*** Opening of SUPPLIED DATA ***

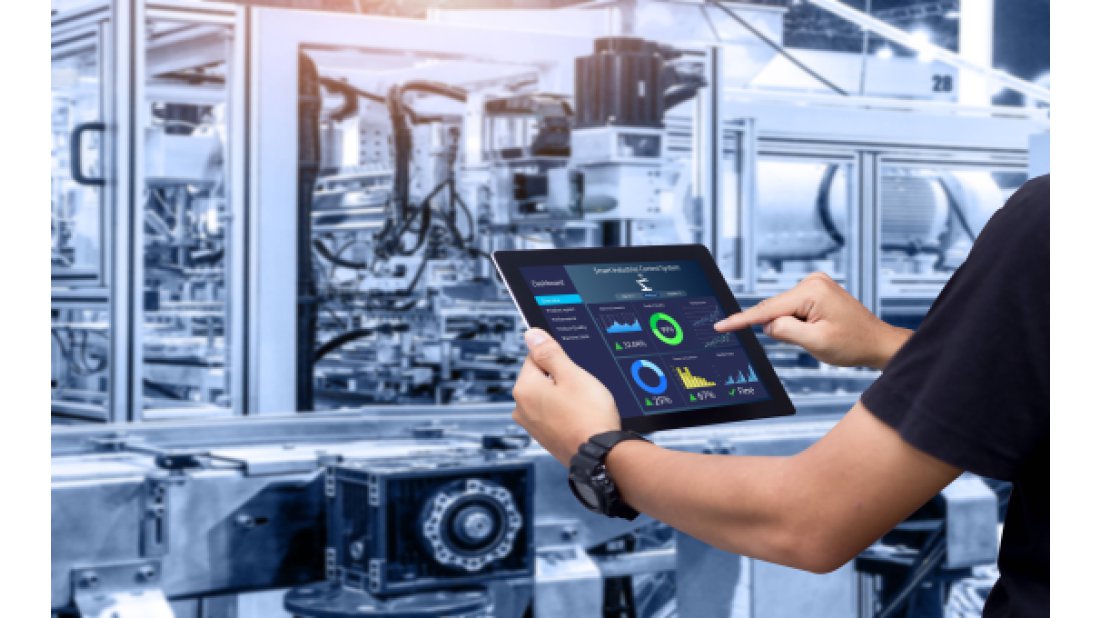 Endüstride asıl devrim 5G ile yaşanacak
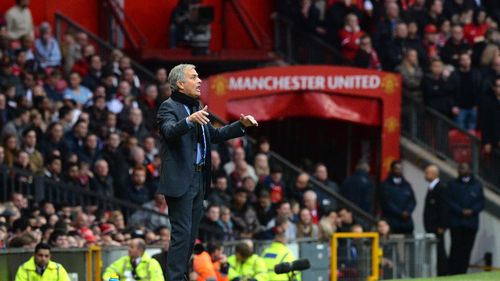 Fotbal: AS Roma anunță plecarea antrenorului José Mourinho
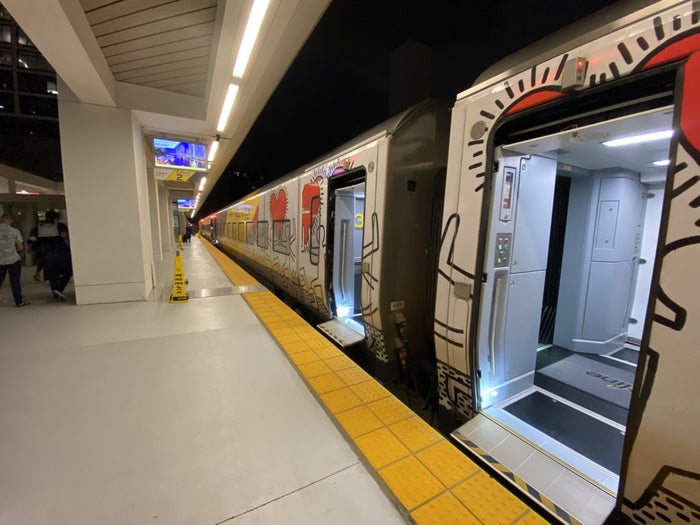 Brightline Rewards Launches, Offering Perks and Points on Train Travel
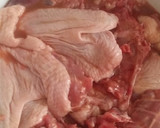 Foto del paso 1 de la receta: Pato en salsa de soja y miel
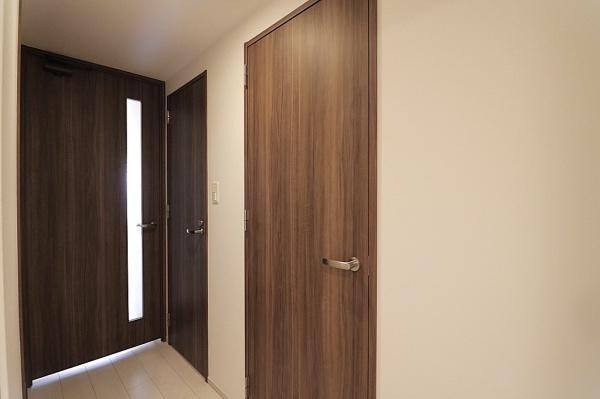 クリスタルエグゼ南堀江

*** Close of SUPPLIED DATA ***

-- WHAT THE TASK REQUIRES --
Transcribe all entries above exactly. Omit the pictures.

-- THE COMPLETED TASK --
 Endüstride asıl devrim 5G ile yaşanacak
 Fotbal: AS Roma anunță plecarea antrenorului José Mourinho
 Brightline Rewards Launches, Offering Perks and Points on Train Travel
 Foto del paso 1 de la receta: Pato en salsa de soja y miel
 クリスタルエグゼ南堀江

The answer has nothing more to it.